2. The fracture repair device according to claim 1, wherein the traction device (268) is preferably a screw having a traction thread (268'), and the hollow rod (262) has a threaded portion (265) at the first end so that the traction thread (268') and the threaded portion (265) interlock with each other.
3. The fracture repair device according to claim 1, comprising a bone plate (263), preferably a flat washer, fitted to be fixed to the greater trochanter flare (201), wherein the bone plate (263) is fitted to be positionable on the greater trochanter flare (201) to stabilize the device (261) when fixed to the greater trochanter (206).
4. The fracture repair device according to claim 3, wherein the bone plate (263) is fitted to the greater trochanter (206) so as to be fixable by at least one fastening element (264), preferably a bone screw, nail, or anchor.

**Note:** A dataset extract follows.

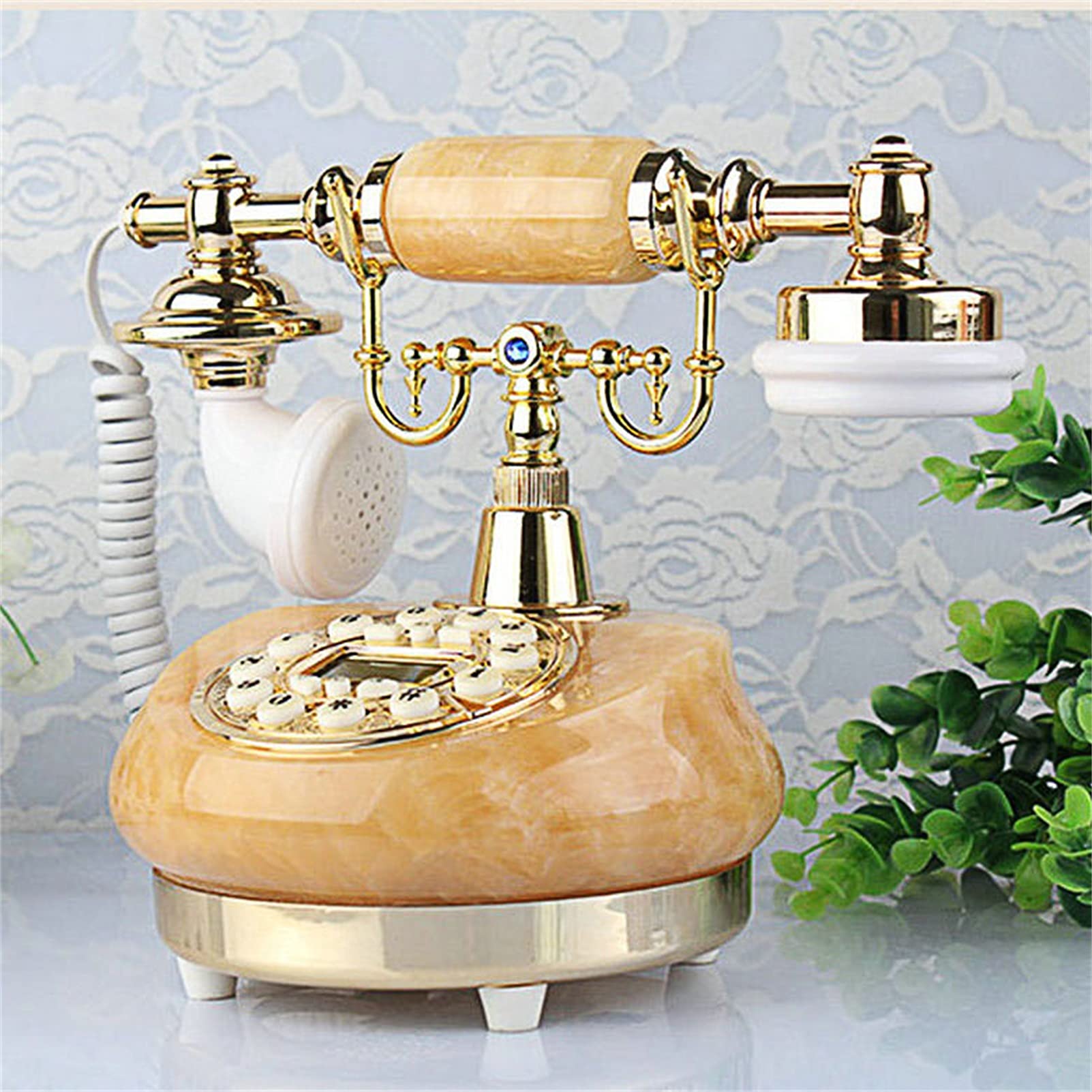 Vintage Retro Push Button LCD Display Telephone - Antique Decorative Landline Phone for Home, Office, Hotel Decor | Perfect for Vintage Themed Rooms, Reception Areas & Nostalgic Gifts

5. The fracture repair device according to claim 1, wherein the unfolding element (110) is adapted to enclose a filler material.
6. The fracture repair device according to claim 5, wherein the filler is bone cement.
7. The fracture repair device according to claim 5, wherein the filler material comprises a gelatinous material.
8. The fracture repair device according to claim 5, wherein the filler material comprises a material selected from one of the group consisting of glue, adhesive, and foaming agent.
9. The fracture repair device according to claim 5, wherein the filler comprises a bone growth chemical regulator, the bone growth chemical regulator is preferably selected from the group consisting of hyaluronic acid and glycosaminoglycans.
10. The fracture repair device according to claim 1, wherein the unfolding element (110) is at least partially formed of a material whose rigidity increases when irradiated with light of a specific wavelength.
11. The fracture repair device according to claim 1, wherein the unfolding element (110) is at least partially formed of a material whose rigidity increases upon application of a specific temperature, preferably body temperature.
12. The fracture repair device according to claim 1, wherein the elongated body (110') of the unfolding element (110) is adapted to control rotation within the femoral head.
13. The fracture repair device according to claim 1, which minimizes screw cutout (protrusion) and damage to the lateral epiphyseal vessel by using only one screw (268, 268', 268'').